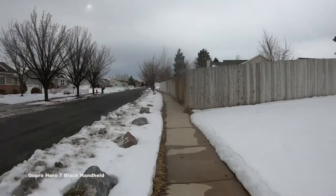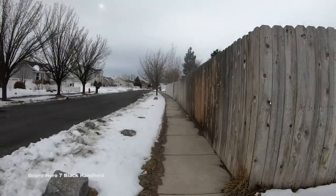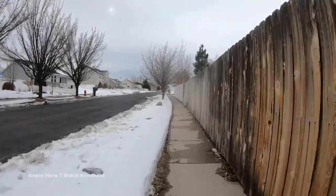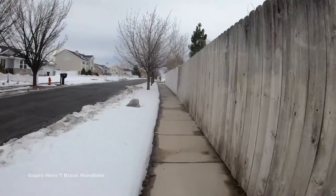I just got a gimbal — I'll link it in the description below — because I like that I can give it to the kids and let them do their thing. They can kind of feel like filmmakers themselves.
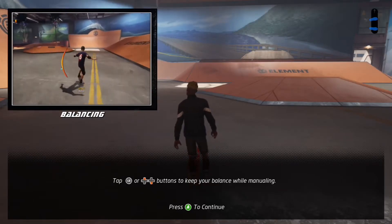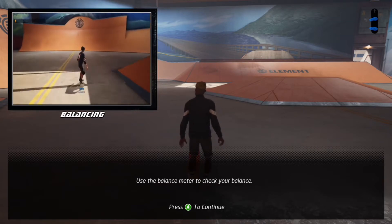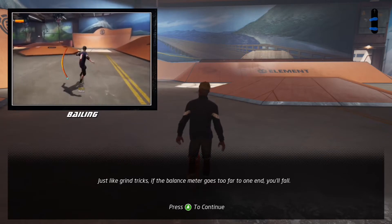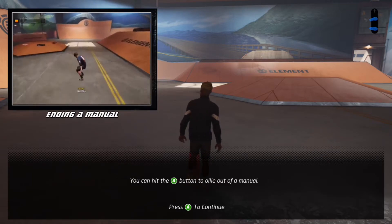Tap up and down buttons to keep your balance while in a manual. Use the balance meter to check your balance. Just like grind tricks, if the balance meter goes too far to one end, you'll fall. You can hit the ollie button to ollie out of a manual.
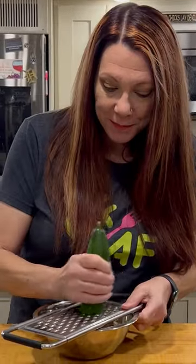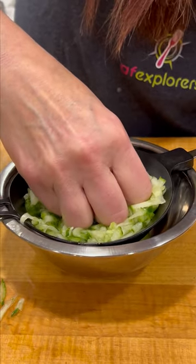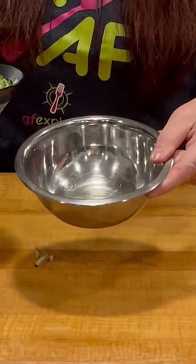First thing you do is grate your cucumber, and now you're going to want to get all the moisture out of your cucumber. Look at all that moisture — that would not be good in your tzatziki sauce.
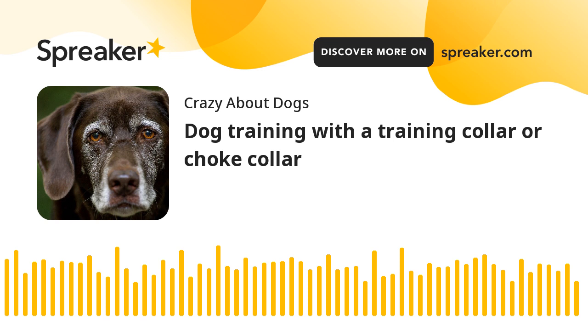Dog training with a training collar or choke collar. The basic dog training collar goes by many names, including choke collar, choke chain, training collar, correction collar, and slip collar.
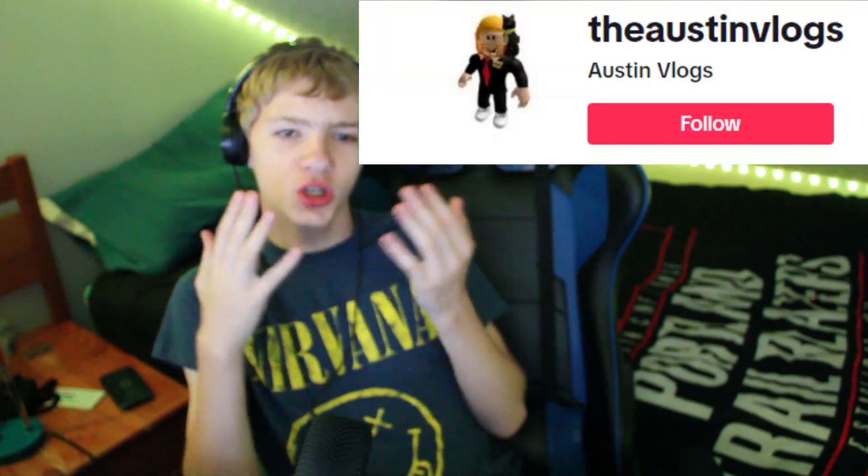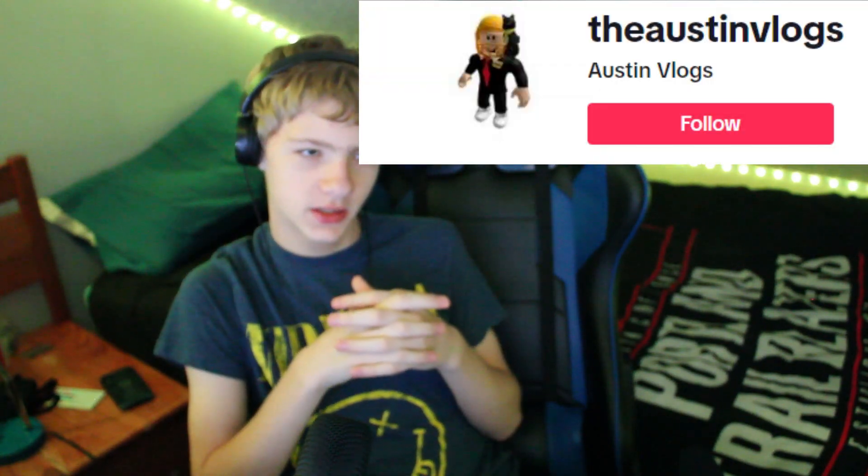I'm also going to be posting a lot on my TikTok, so make sure to go follow me over there to get extra content.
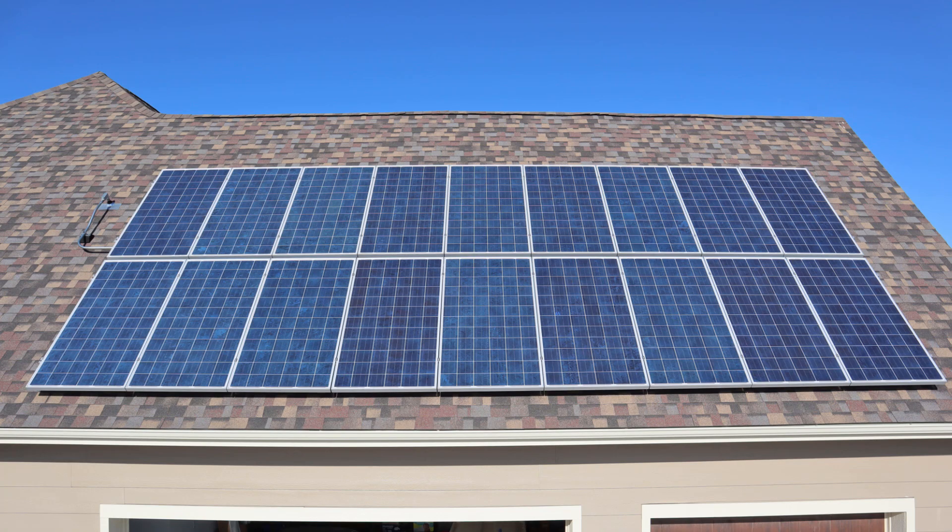Hey guys, Garrett here, and today I want to give you the exact cost of my solar array. That's going to include all of the components as well as the permits, the installation, and everything I have into it. Just a reminder, I put this on my brand new house — I have a bunch of videos outlining how I built that house if you want to watch those after this. It's a 5 kilowatt system consisting of 18 panels as well as Enphase microinverters.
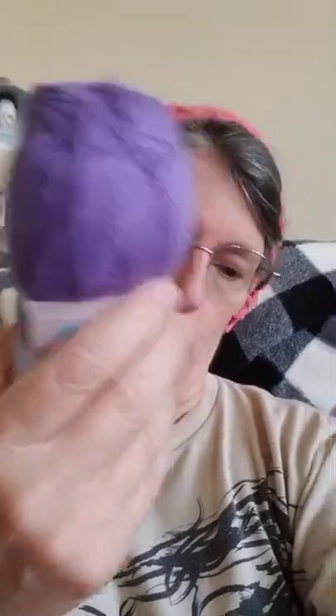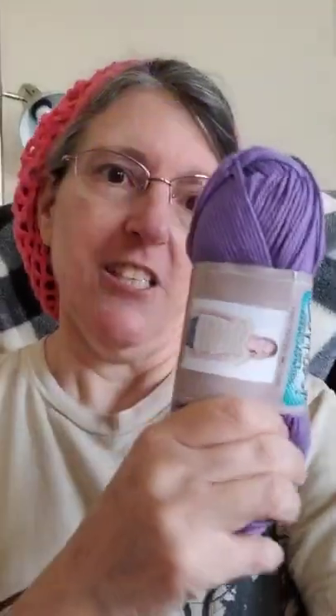I got one in blue and one in... what do they call it? I don't know what they call it. I'm going to call it purple or light purple or whatever. It's soft, just as everybody who suggested it told me. Very soft. This yarn is 100% cotton, and there's 3.5 ounces, 100 grams, 180 yards,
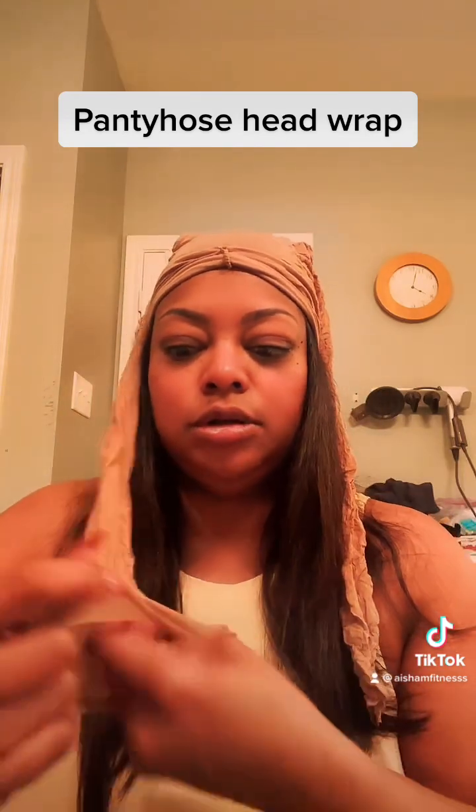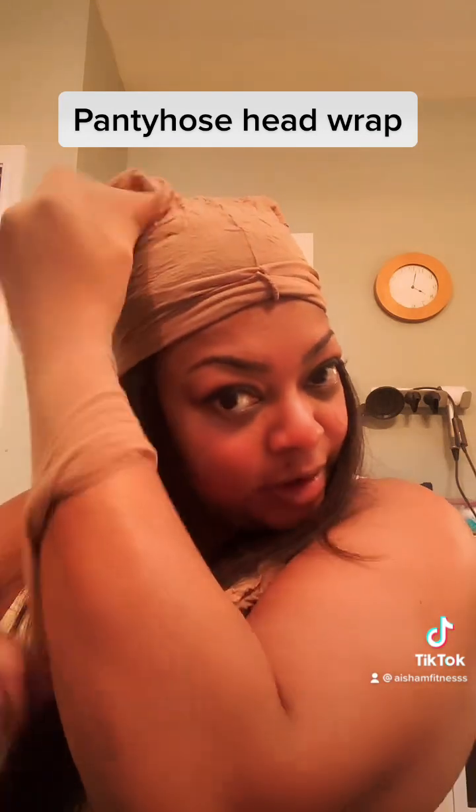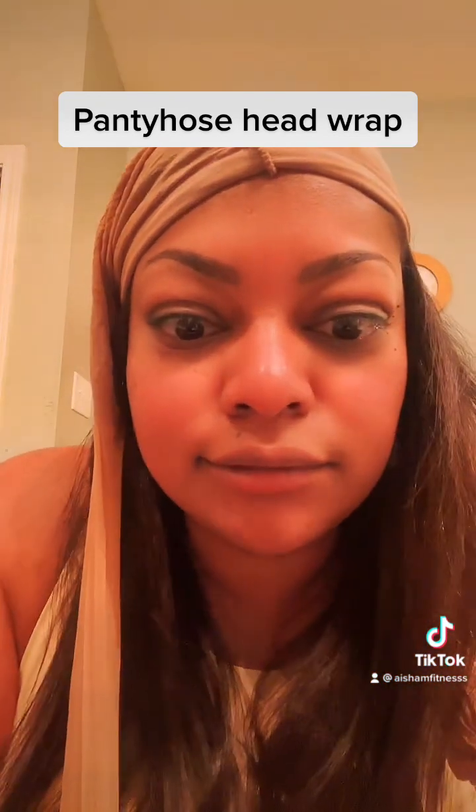You're supposed to take your hand and go up all the way through — like inside here — and grab your hair inside. I don't know how easy this is supposed to be. Pull it through... it's coming off. This is a lot. This looked a lot easier online.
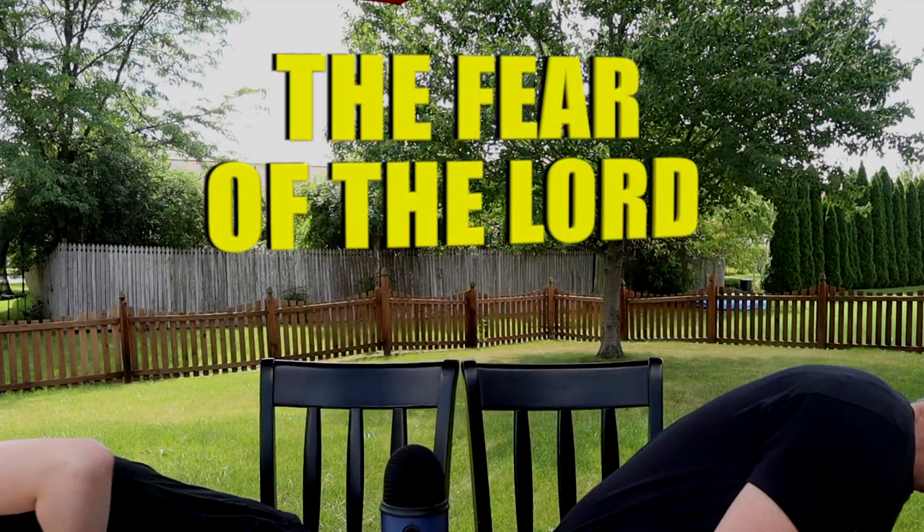Hey kids, Pastor Robbie here, along with my lovely assistant and wonderful daughter, Sadie. Hello. And today, we're going to have some fun learning about the fear of the Lord.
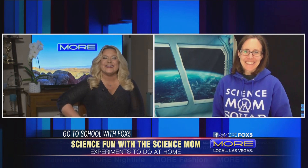It is time to go to school with Fox 5, and today we're going to get a fun science lesson with our science mom who's joining us via FaceTime — Jenny Bailiff. How are you, Jenny? I'm doing well. I'm at my home in quarantine, and I love that we can learn and be entertained through science at home.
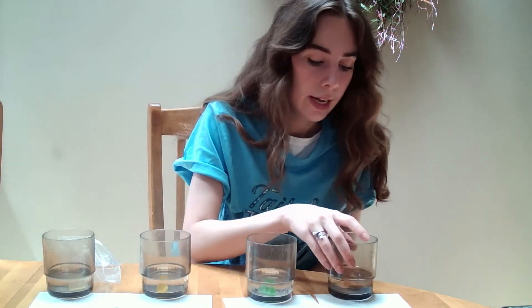You just pop them in and let them sit. I'm going to put my clear one into plain water, my yellow one into the vinegar, my green one into the baking soda mixture, and my orange one into the salt mixture. Now we just wait and we'll check in tomorrow morning and see if they grew or maybe if they shrunk. Then we can decide our observations.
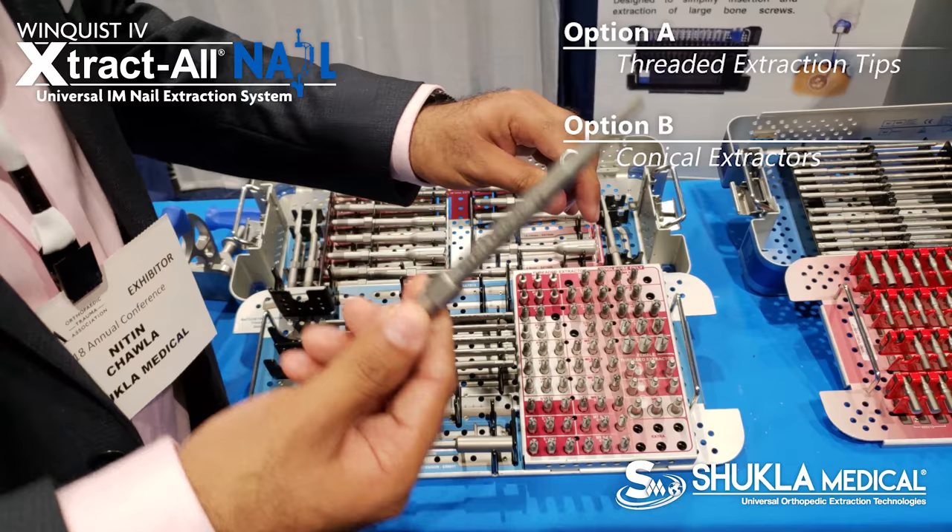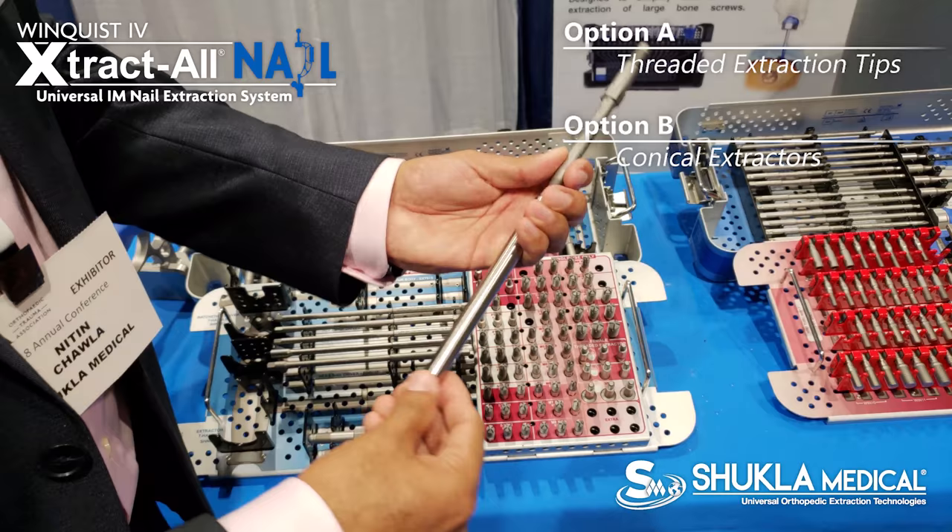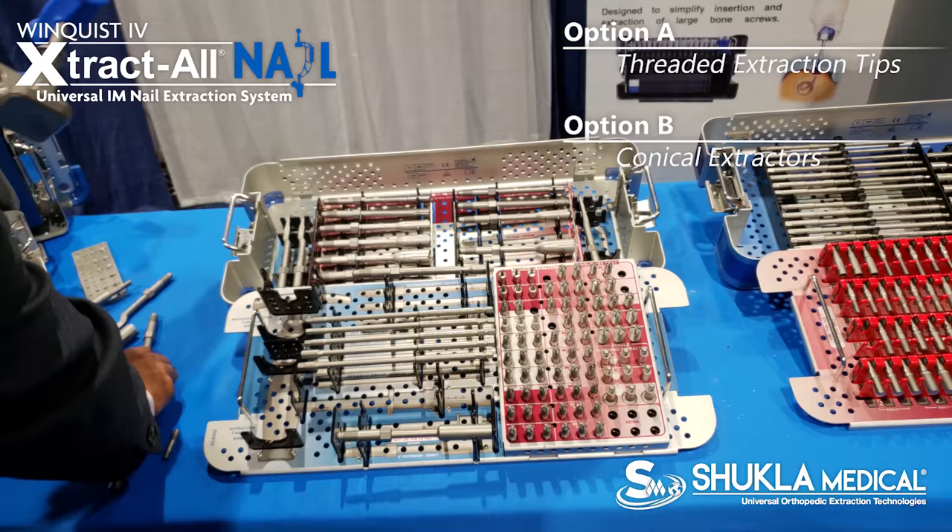In case the threads inside the nail are damaged, you can then use a conical to cross-thread itself into it, and then connect a C-frame and mallet that we offer.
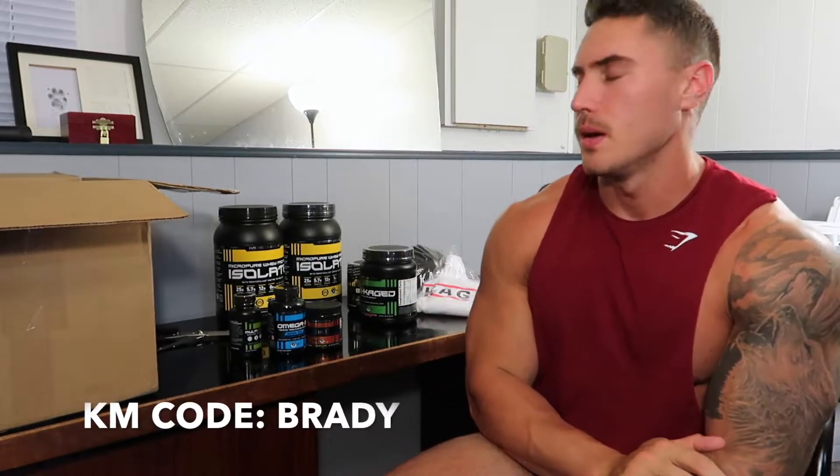They really come in clutch though. Like if I need something — a probiotic, or they have a new sleep supplement — I'll message them and they're just like, okay no problem, they send it right to me, no questions asked. So go check them out. I'll put a link down below. Use code BRADY — if you buy anything it'll save you some money and help me out.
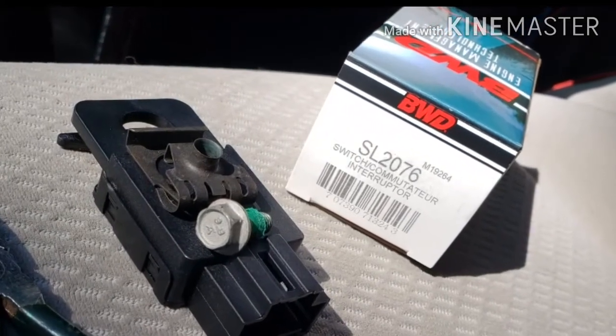Here's the new switch ready to go back in. I just reversed the process — slid it over the arm, replaced the clip, then the 10 millimeter bolt, and reconnected the wires.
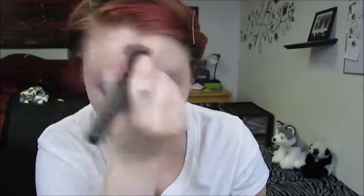I'm starting off with my Rimmel Stay Matte BB Cream and I'm putting this all over my face and neck. To set that I'm just using my translucent powder that I always use.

::::::::::

Your assignment:
Could you restate the entries word for word, skipping any pictures?

Solved problem:
I just got a gimbal — I'll link it in the description below — because I like that I can give it to the kids and let them do their thing. They can kind of feel like filmmakers themselves.
Tap up and down buttons to keep your balance while in a manual. Use the balance meter to check your balance. Just like grind tricks, if the balance meter goes too far to one end, you'll fall. You can hit the ollie button to ollie out of a manual.
First thing you do is grate your cucumber, and now you're going to want to get all the moisture out of your cucumber. Look at all that moisture — that would not be good in your tzatziki sauce.
Dog training with a training collar or choke collar. The basic dog training collar goes by many names, including choke collar, choke chain, training collar, correction collar, and slip collar.
I'm also going to be posting a lot on my TikTok, so make sure to go follow me over there to get extra content.
Hey guys, Garrett here, and today I want to give you the exact cost of my solar array. That's going to include all of the components as well as the permits, the installation, and everything I have into it. Just a reminder, I put this on my brand new house — I have a bunch of videos outlining how I built that house if you want to watch those after this. It's a 5 kilowatt system consisting of 18 panels as well as Enphase microinverters.
I got one in blue and one in... what do they call it? I don't know what they call it. I'm going to call it purple or light purple or whatever. It's soft, just as everybody who suggested it told me. Very soft. This yarn is 100% cotton, and there's 3.5 ounces, 100 grams, 180 yards,
You're supposed to take your hand and go up all the way through — like inside here — and grab your hair inside. I don't know how easy this is supposed to be. Pull it through... it's coming off. This is a lot. This looked a lot easier online.
Hey kids, Pastor Robbie here, along with my lovely assistant and wonderful daughter, Sadie. Hello. And today, we're going to have some fun learning about the fear of the Lord.
It is time to go to school with Fox 5, and today we're going to get a fun science lesson with our science mom who's joining us via FaceTime — Jenny Bailiff. How are you, Jenny? I'm doing well. I'm at my home in quarantine, and I love that we can learn and be entertained through science at home.
You just pop them in and let them sit. I'm going to put my clear one into plain water, my yellow one into the vinegar, my green one into the baking soda mixture, and my orange one into the salt mixture. Now we just wait and we'll check in tomorrow morning and see if they grew or maybe if they shrunk. Then we can decide our observations.
In case the threads inside the nail are damaged, you can then use a conical to cross-thread itself into it, and then connect a C-frame and mallet that we offer.
They really come in clutch though. Like if I need something — a probiotic, or they have a new sleep supplement — I'll message them and they're just like, okay no problem, they send it right to me, no questions asked. So go check them out. I'll put a link down below. Use code BRADY — if you buy anything it'll save you some money and help me out.
Here's the new switch ready to go back in. I just reversed the process — slid it over the arm, replaced the clip, then the 10 millimeter bolt, and reconnected the wires.
I'm starting off with my Rimmel Stay Matte BB Cream and I'm putting this all over my face and neck. To set that I'm just using my translucent powder that I always use.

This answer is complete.